• [Working data]
==================================================

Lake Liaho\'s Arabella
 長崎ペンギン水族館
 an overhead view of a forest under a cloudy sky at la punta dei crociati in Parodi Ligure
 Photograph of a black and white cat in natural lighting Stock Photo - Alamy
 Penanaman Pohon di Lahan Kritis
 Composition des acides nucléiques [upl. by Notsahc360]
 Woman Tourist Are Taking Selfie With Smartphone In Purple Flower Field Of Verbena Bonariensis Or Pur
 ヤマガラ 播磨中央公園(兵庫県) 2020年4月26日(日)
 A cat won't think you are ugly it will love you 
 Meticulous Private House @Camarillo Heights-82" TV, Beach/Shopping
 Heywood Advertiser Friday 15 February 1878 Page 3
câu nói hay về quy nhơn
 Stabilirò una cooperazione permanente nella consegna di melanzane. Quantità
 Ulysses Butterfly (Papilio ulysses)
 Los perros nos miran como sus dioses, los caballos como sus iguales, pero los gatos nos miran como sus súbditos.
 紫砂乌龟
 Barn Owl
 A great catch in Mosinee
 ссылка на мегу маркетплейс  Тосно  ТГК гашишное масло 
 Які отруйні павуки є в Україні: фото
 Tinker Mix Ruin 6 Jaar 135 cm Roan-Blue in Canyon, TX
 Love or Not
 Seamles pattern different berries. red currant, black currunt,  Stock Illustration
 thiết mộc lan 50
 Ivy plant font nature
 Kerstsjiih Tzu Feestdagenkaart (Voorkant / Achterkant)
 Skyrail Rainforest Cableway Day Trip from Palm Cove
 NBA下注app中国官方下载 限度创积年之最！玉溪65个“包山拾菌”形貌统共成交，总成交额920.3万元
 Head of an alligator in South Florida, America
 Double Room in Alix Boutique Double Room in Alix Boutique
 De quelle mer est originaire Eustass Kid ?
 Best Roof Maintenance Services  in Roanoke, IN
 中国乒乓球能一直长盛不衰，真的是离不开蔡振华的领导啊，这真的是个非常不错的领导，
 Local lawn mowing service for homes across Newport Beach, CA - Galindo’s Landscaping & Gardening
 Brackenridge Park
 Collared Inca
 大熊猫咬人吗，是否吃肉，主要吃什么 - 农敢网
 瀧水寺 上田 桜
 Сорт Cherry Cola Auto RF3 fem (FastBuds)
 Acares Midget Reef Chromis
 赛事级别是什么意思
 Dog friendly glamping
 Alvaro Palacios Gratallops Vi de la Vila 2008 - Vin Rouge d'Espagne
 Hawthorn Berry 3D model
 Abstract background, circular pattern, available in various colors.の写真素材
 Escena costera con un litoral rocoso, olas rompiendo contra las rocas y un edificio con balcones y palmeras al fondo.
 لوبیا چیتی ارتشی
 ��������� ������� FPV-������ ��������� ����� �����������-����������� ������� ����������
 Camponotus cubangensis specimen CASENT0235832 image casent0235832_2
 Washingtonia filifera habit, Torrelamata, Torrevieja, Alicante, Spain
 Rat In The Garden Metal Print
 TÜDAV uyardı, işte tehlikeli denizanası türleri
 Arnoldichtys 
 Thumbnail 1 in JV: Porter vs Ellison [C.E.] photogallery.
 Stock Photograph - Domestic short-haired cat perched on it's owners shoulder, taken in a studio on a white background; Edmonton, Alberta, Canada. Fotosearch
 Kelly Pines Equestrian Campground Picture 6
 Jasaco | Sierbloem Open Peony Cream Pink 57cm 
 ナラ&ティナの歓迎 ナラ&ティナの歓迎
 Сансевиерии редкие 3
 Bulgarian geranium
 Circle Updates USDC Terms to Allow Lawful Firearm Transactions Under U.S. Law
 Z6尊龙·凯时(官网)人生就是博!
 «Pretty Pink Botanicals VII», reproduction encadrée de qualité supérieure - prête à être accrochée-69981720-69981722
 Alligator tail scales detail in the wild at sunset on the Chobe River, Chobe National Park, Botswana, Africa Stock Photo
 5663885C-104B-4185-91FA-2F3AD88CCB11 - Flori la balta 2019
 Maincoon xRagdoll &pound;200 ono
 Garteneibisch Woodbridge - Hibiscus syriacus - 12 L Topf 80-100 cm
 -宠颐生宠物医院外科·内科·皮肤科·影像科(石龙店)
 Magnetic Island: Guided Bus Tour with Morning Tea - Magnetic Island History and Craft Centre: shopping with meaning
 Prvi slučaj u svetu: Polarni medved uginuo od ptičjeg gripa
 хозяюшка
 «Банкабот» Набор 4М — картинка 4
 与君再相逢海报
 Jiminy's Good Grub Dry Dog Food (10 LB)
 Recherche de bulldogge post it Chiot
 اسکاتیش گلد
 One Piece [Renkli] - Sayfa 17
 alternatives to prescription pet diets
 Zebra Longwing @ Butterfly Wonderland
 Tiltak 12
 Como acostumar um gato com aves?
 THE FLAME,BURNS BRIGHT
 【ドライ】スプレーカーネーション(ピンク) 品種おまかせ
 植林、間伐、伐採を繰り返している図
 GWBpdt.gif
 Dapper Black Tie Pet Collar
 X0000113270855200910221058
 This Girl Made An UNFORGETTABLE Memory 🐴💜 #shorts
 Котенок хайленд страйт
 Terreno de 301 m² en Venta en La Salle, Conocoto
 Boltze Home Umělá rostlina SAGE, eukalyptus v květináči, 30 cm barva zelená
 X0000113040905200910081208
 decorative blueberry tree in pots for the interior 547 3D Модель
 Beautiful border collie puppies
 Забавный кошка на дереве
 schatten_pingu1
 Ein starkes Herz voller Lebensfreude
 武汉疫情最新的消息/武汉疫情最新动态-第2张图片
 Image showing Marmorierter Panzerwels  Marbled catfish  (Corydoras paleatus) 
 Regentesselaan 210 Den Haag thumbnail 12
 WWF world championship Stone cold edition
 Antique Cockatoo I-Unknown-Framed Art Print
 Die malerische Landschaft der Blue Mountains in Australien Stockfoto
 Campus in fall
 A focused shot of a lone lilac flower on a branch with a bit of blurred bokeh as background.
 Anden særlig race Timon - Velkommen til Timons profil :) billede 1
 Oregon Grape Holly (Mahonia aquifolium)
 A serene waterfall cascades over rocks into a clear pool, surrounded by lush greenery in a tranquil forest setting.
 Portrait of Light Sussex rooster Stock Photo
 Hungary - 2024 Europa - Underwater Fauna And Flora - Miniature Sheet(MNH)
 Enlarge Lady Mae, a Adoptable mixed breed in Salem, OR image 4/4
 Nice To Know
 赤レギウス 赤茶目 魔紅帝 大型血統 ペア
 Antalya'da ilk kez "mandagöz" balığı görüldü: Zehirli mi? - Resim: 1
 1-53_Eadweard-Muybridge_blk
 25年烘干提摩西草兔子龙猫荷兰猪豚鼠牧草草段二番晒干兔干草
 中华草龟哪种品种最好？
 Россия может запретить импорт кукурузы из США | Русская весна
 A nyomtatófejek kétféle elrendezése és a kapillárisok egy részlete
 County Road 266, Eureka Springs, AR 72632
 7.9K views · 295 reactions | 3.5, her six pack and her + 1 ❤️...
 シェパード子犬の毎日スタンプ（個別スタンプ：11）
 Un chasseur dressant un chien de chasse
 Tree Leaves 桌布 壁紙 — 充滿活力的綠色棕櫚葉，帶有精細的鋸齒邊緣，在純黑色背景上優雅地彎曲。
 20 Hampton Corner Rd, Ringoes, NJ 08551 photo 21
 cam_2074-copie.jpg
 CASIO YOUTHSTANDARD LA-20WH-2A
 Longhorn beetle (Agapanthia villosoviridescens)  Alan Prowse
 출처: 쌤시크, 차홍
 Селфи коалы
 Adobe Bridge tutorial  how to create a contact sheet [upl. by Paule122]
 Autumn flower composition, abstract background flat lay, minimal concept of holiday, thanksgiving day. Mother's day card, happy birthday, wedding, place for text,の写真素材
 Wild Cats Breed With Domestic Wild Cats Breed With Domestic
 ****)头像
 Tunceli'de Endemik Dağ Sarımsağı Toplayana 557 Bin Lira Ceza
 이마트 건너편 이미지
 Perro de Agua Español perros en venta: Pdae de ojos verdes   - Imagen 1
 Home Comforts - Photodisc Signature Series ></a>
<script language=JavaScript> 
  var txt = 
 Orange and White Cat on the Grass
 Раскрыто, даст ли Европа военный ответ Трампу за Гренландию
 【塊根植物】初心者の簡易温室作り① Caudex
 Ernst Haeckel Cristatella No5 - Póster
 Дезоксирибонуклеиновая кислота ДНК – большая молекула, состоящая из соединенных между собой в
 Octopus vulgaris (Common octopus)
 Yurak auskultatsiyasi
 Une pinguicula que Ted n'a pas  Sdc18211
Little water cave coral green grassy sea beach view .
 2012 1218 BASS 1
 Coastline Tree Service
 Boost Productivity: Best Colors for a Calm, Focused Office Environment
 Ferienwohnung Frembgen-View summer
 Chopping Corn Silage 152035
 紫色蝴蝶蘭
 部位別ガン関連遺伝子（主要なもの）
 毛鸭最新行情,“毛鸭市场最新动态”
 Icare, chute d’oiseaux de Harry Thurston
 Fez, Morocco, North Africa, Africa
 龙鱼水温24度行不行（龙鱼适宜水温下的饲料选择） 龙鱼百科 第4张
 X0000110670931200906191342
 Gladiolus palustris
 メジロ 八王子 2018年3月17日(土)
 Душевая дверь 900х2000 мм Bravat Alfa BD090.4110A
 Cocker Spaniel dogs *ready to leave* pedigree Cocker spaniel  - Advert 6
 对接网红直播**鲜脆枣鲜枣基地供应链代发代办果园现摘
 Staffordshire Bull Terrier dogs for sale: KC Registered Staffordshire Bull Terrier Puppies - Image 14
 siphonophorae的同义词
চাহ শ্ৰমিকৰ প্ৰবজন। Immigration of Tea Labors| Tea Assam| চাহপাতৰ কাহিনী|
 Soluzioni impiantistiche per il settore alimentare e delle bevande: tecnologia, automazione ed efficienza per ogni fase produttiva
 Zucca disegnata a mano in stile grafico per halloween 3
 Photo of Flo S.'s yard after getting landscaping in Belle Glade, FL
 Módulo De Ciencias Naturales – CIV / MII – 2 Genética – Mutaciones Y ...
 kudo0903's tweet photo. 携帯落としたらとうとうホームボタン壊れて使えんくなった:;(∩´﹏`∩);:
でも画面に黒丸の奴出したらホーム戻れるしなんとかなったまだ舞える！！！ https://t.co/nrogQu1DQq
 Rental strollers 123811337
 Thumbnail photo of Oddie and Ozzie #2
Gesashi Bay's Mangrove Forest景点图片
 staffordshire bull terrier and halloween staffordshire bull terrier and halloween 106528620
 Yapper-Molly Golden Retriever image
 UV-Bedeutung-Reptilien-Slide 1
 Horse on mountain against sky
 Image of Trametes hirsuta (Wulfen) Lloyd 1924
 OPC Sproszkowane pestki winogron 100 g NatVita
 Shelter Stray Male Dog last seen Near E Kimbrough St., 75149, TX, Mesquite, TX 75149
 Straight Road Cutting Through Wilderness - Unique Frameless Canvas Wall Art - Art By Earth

==================================================

• [What you have to do]
What are the lines above, starting at the one with "赤レギウス 赤茶目 魔紅帝 大型血統 ペア" and ending at the one with "CASIO YOUTHSTANDARD LA-20WH-2A"? Give them again exactly, and only them.

• [Reply to the task]
 赤レギウス 赤茶目 魔紅帝 大型血統 ペア
 Antalya'da ilk kez "mandagöz" balığı görüldü: Zehirli mi? - Resim: 1
 1-53_Eadweard-Muybridge_blk
 25年烘干提摩西草兔子龙猫荷兰猪豚鼠牧草草段二番晒干兔干草
 中华草龟哪种品种最好？
 Россия может запретить импорт кукурузы из США | Русская весна
 A nyomtatófejek kétféle elrendezése és a kapillárisok egy részlete
 County Road 266, Eureka Springs, AR 72632
 7.9K views · 295 reactions | 3.5, her six pack and her + 1 ❤️...
 シェパード子犬の毎日スタンプ（個別スタンプ：11）
 Un chasseur dressant un chien de chasse
 Tree Leaves 桌布 壁紙 — 充滿活力的綠色棕櫚葉，帶有精細的鋸齒邊緣，在純黑色背景上優雅地彎曲。
 20 Hampton Corner Rd, Ringoes, NJ 08551 photo 21
 cam_2074-copie.jpg
 CASIO YOUTHSTANDARD LA-20WH-2A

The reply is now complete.